The Italian insurance and financial services group, Unipol, is planning to secure an aggregate reinsurance cover this year as a means of protecting its earnings against the impact of smaller but frequent severe weather events. This move reflects a growing trend in the industry where companies seek better coverage amidst challenging market conditions.
In recent years, buyers have found it easier to obtain aggregate protection due to eased market conditions and increased willingness from risk capital providers to offer annual aggregate limits. However, these policies now come with stricter terms such as higher deductibles and peril exclusions, making them less attractive for some but still viable for others willing to accept the new conditions.
Unipol’s interest in this type of coverage was revealed during a recent earnings call by Enrico San Pietro, General Manager of Insurance at Unipol. He stated that the company aims to enhance its existing reinsurance program with an additional layer specifically designed to protect against multiple medium-sized events.
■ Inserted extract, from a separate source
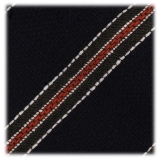 Viola Milano - Cravatta in Lana/Seta con Righe Multiple - Mix Navy - Handmade in Italy - Luxury Exclusive Collection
Italian insurers like Unipol have faced tough reinsurance renewals over the past few years due to a series of severe weather-related losses. This makes Unipol’s decision to pursue aggregate coverage more strategic, as it aims to strengthen its financial resilience amidst ongoing challenges in the insurance market.
Unipol has previously used catastrophe bonds for earthquake risk protection and might consider this route again for securing new aggregate reinsurance limits, given recent market dynamics. The insurer’s past use of such instruments highlights its adaptability in navigating evolving reinsurance requirements and protecting shareholder interests effectively.